Unfortunately, Cook strains his own credibility somewhat.A couple of weeks after his Jane's piece appeared, Cook's book on antigravity research, The Hunt for Zero Point, came out. In it, he claims that the Nazis built an antigravity device during World War II. Its absence from present-day science, Cook says, implies a vast "black" world of secret antigravity aircraft that might explain the UFOs people see over Area 51. He's a careful investigative reporter, but once you start talking about UFOs and Nazi antigravity you're not far from hidden tunnels under the White House full of lizard-men disguised as Freemasons.
Even without Nazis, there are plenty of reasons to doubt Podkletnov.My e-mails to the account listed on his recent articles (not peer-reviewed) went unanswered. Even more problematic, I can't find the institution he lists as his affiliation in Moscow. "Eugene always expressed his worries that others could copy his work, although as far as I know he never applied for a patent," Giovanni Modanese, a collaborator of Podkletnov's at the University of Bolzano in Italy, wrote in an e-mail (using a Western version of Podkletnov's first name). "Nonetheless, at the scientific level if one wants a confirmation by others and a successful replication, one must give all the necessary elements." Well, yeah. Modanese says that the current version of the device, now called an "impulse gravity generator," is simpler and could be built "by a big-science team of people expert in superconductivity."A Boeing spokesperson didn't respond to follow-up questions. So, either there's nothing going on here, or it's an X-File.

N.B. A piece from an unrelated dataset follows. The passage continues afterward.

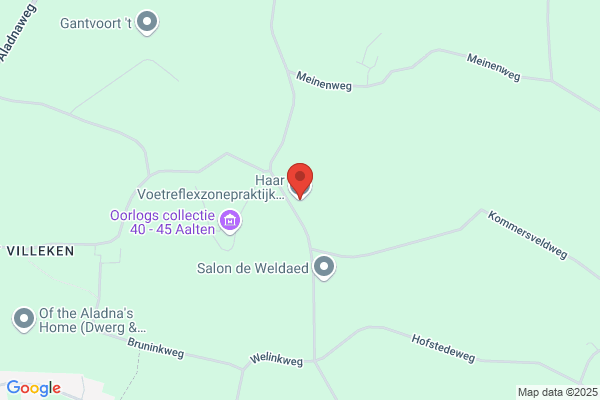 Haar Voetreflexzonepraktijk Sandy ter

And the science? Ten years is a long time to go without replication. Combine that with Podkletnov's cagey behavior and it's enough to make even sci-fi geeks like me lose hope. But like the core of any good conspiracy, antigravity research has the ring of plausibility. One of the outstanding problems in physics and cosmology today involves the existence of so-called dark matter and dark energy. They're by far the main constituents of matter in the universe, and nobody knows what they're made of—researchers have only inferred their existence from gravitational effects. Coming up with a new theory of how gravity works might explain that, though it'd be a scientific revolution on a par with relativity. "Changing gravity is in the cards," says Paul Schechter, an astronomer at MIT. "But so far no one's been able to do better than Einstein." Still, Einstein worked in a lowly patent office. Ron Koczor works for NASA.